Do we see a more positive or negative sentiment based on the most common words?

In [8]:
data = [go.Bar(x=x, 
               y=y,)]
layout = go.Layout(
    title='Most common 20 words',
)
fig = go.Figure(data=data, layout=layout)
iplot(fig)

### Observations

Overall, the most frequently occurring words are postive, such as "like", "best", "love", "nice", "good", "great", "amazing".
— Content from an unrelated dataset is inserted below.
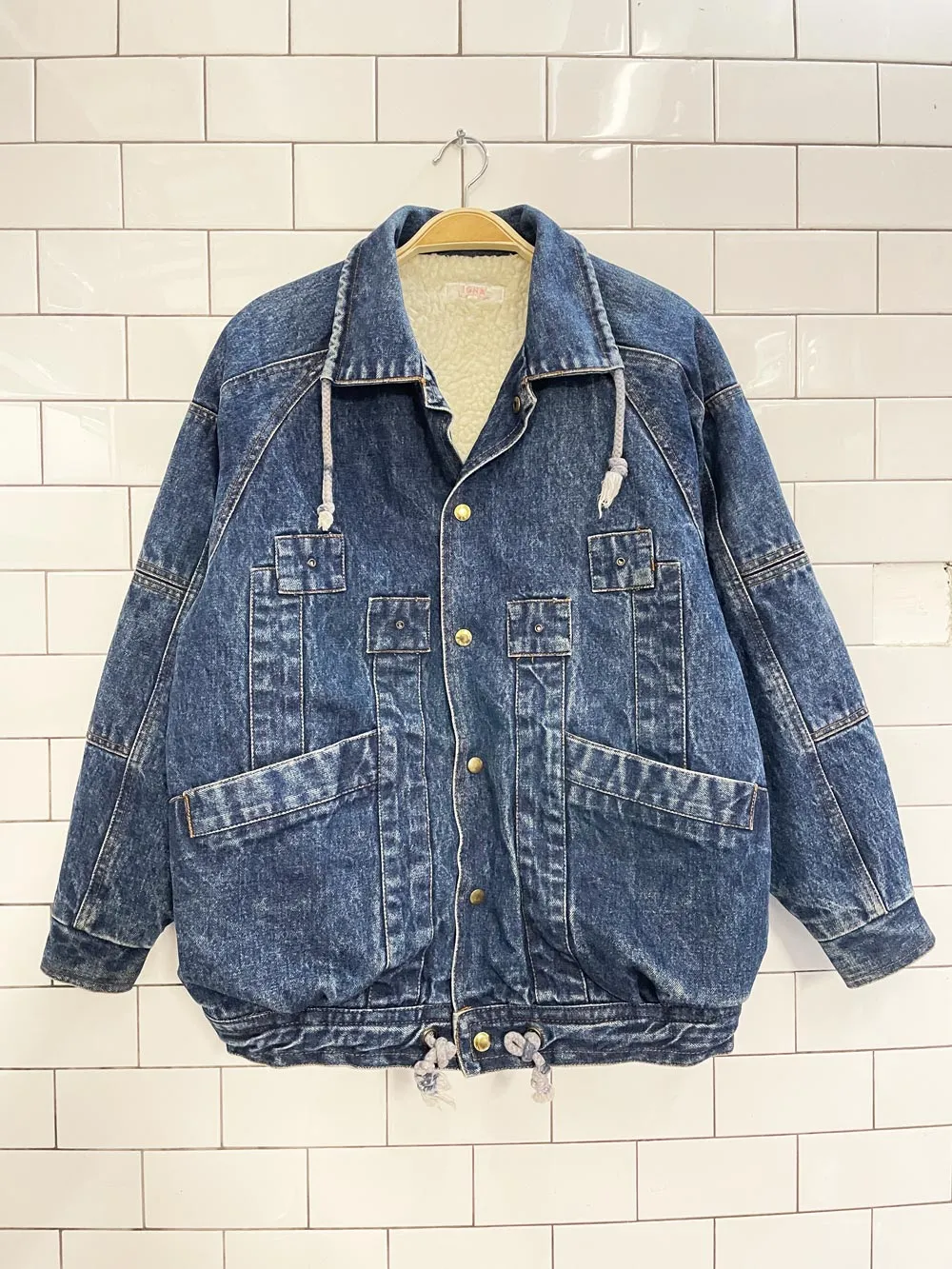 vintage 90s IONA sherpa lined denim bomber jacket sold by Good Market Thrift Store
## Plot 2: What's the distribution of competitor mentions?

In [43]:
competitor_list = ['audi', 'bmw', 'porsche', 'volkswagen', 'jaguar', 
                    'ferrari', 'volvo', 'aston martin', 
                    'hyundai', 'honda', 'nissan', 'toyota', 
                    'peugeot', 'renault', 'bugatti',
                    'ford', 'tesla']
words_comments_tok_comp = [w for w in words_comments_tok if w in competitor_list]
print(len(words_comments_tok_comp))
compDist = FreqDist(w for w in words_comments_tok_comp)

647


In [45]:
data = [go.Histogram(x=words_comments_tok_comp)]
layout = go.Layout(
    title='Competitor Brand Mentions',
)
fig = go.Figure(data=data, layout=layout)
iplot(fig)

### Obervations

1. According to (https://www.mbaskool.com/brandguide/automobiles/1300-mercedes-benz.html), the Top 3 competitors are BMW, Porsche and Audi. Based on the video comments, BMW has the most mentions, followed by Audi, which matches the ranked list. However, Porsche has relatively few mentions, despite being in the Top 3. 

2. Surprisingly, Tesla and Nissan have a significant number of mentions, as non-German competitors.